Data for this task:
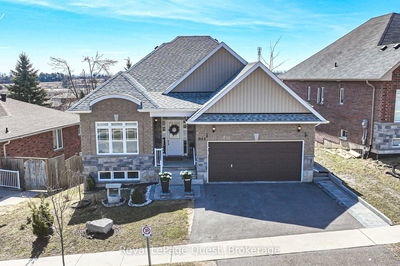 3155 Monarch Dr, Orillia - Orillia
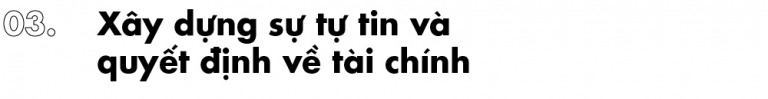 Tại sao phụ nữ có khả năng đầu tư hơn đàn ông?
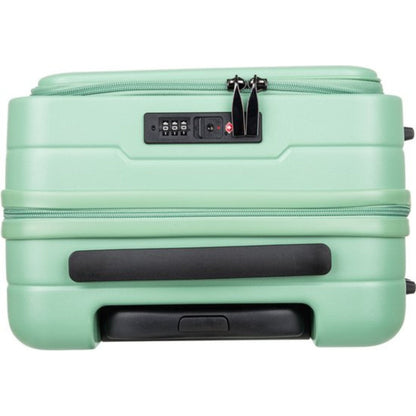 Hartschalenkoffer mit Laptopfach – Vienna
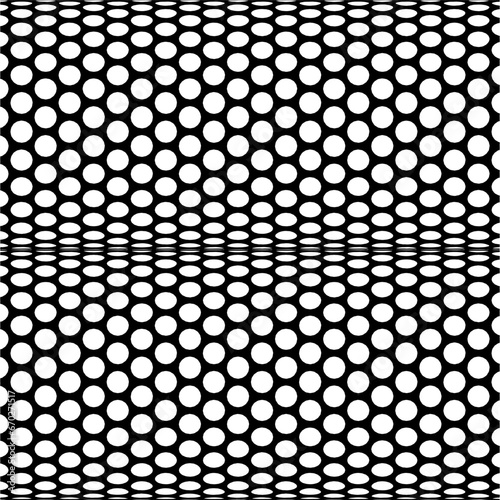Perforated Cylindrical Shape Vector. Illustration Of Perforated Cylinders Isolated On White Background. A Vector Illustration.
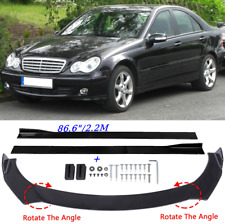 Spoilerschwert Front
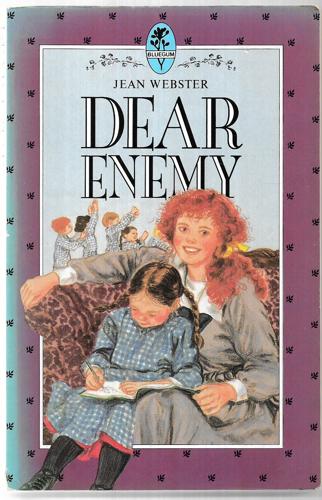 Dear Enemy by Jean Webster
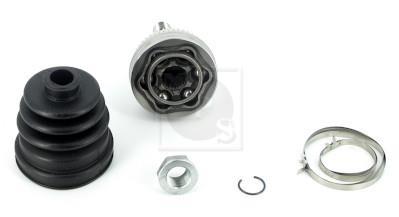 Joint homocinétique, transmission NIPPON PIECES SERVICES ref. T281A41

Description of the task: What do the lines above say from the line containing "Perforated Cylindrical Shape" through the last line? Quote them exactly, both ends included, and leave out the pictures.

Problem solution:
Perforated Cylindrical Shape Vector. Illustration Of Perforated Cylinders Isolated On White Background. A Vector Illustration.
 Spoilerschwert Front
 Dear Enemy by Jean Webster
 Joint homocinétique, transmission NIPPON PIECES SERVICES ref. T281A41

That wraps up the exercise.